***image1***The U.S. Navy’s first carrier jet fighters were an unremarkable group of low performance straight wing aircraft, their only concession to modernity being tricycle landing gear to keep jet exhaust from burning the wooden flight decks.
The exception was the remarkably rakish and radical Chance Vought F-7U-1 Cutlass, a tailless jet that offered the promise of really outstanding performance. The F7U-1 brought many firsts for the Navy – very low aspect ratio swept back wings, mid-wing mounted vertical stabilizers, a high-pressure hydraulic system and afterburning engines.
The Cutlass first flew in September 1948 and was quickly ordered into production, but as the test program progressed, the Navy found several problems. While the low aspect ratio wing provided exceptional maneuverability at high speed, it gave little lift at low speeds, even with high lift slats along the entire leading edge of the wing.
To fly slowly to land on a carrier the F7U-1 had to fly at high angles of attack – in layperson’s terms, the nose had to be very high. Such an approach not only blocked the view of the deck but also required unusually long nose gear strut to allow it to touch down and take off at a very high angle of attack.
Additionally, the Westinghouse jet engines did not provide the needed thrust, and newer Westinghouse engines produced only half the promised thrust. Finally, the new hydraulic system was unreliable. One test pilot remembered that so many hydraulic warning lights came on in a normal flight it was like “sitting inside a pinball machine.”

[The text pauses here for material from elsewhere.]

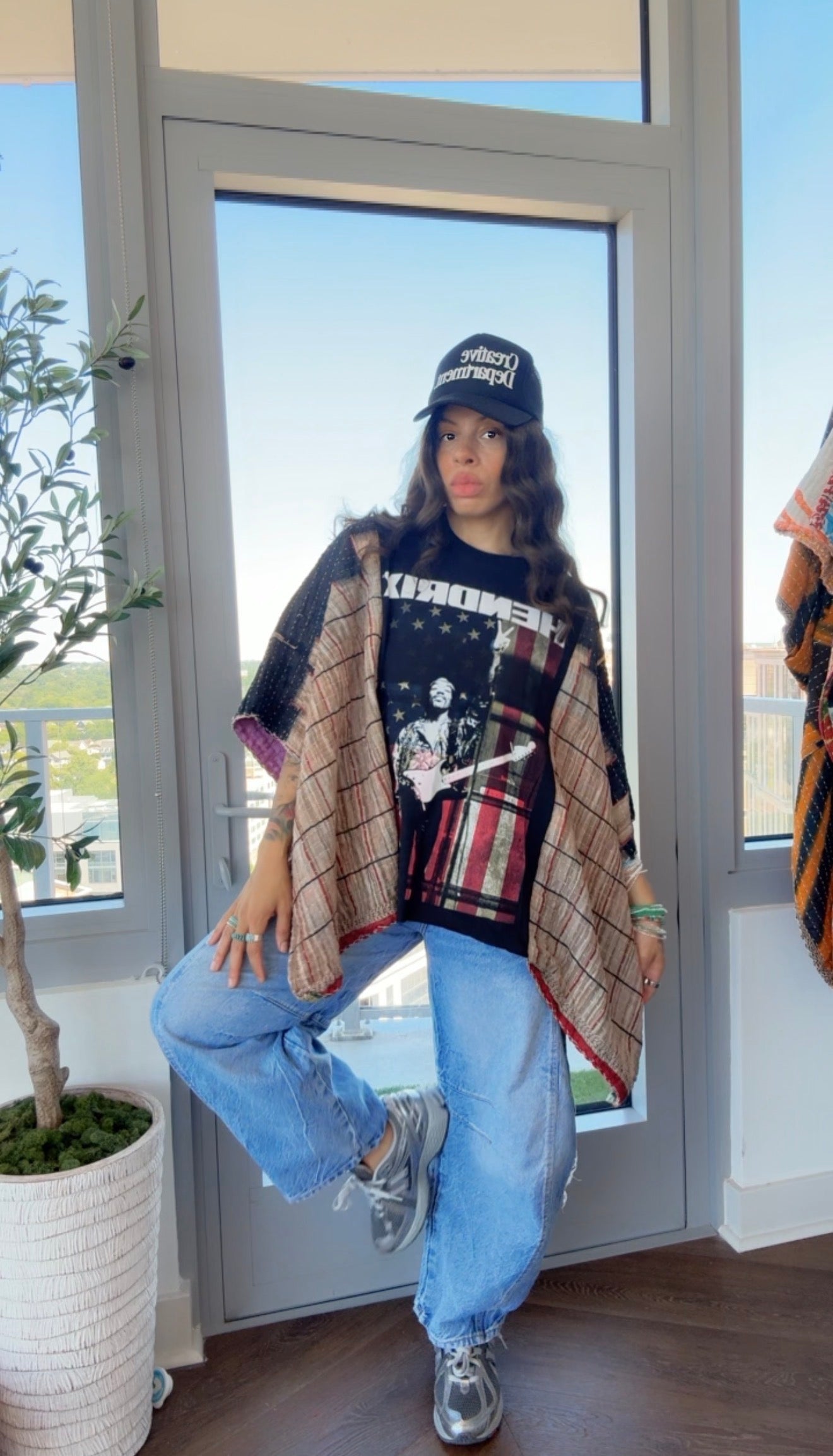 * Jimi Hendrix Kantha Band Tee Poncho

When the Cutlass worked, it was a fast and maneuverable machine, with a roll rate of more than 550 degrees a second, and when the slats were extended the aircraft would not stall. The Blue Angels acrobatic team received two Cutlasses which they used in the 1951/1952 season in the solo and high performance portions of the show, and the combination of its futuristic configuration and extremely noisy after-burning engines thrilled the show spectators.
The problems were worked and an almost new aircraft, the F7U-3, produced but major problems persisted. The hydraulic problems were never solved, and the nose high approach to the carrier caused more problems. When a Cutlass caught the wire, the long nose gear strut slammed down on the deck, and the pilot sat directly over the nose strut.
Even a normal landing jarred his spine, but after a number of landings the nose landing gear began to break, resulting in a broken back or death for the pilot. In one 14-month period the Cutlass had almost eight accidents per 1,000 landings, while the average for other Navy jet fighters was about three per 100 landings.
In a search for a “mission match,” the last 98 were completed as F7UMs carrying the AIM-7 air-to-air missile, making it the first all-missile armed fighter in the U.S. inventory. But the need for a radar to guide the missiles added more weight, as did the addition of more fuel, and the weight was too much for the low powered engines.
The F7U was dropped from the Navy inventory in 1956, having lost almost 25 percent of the 300 produced in accidents, which killed four test pilots and 21 other Naval aviators.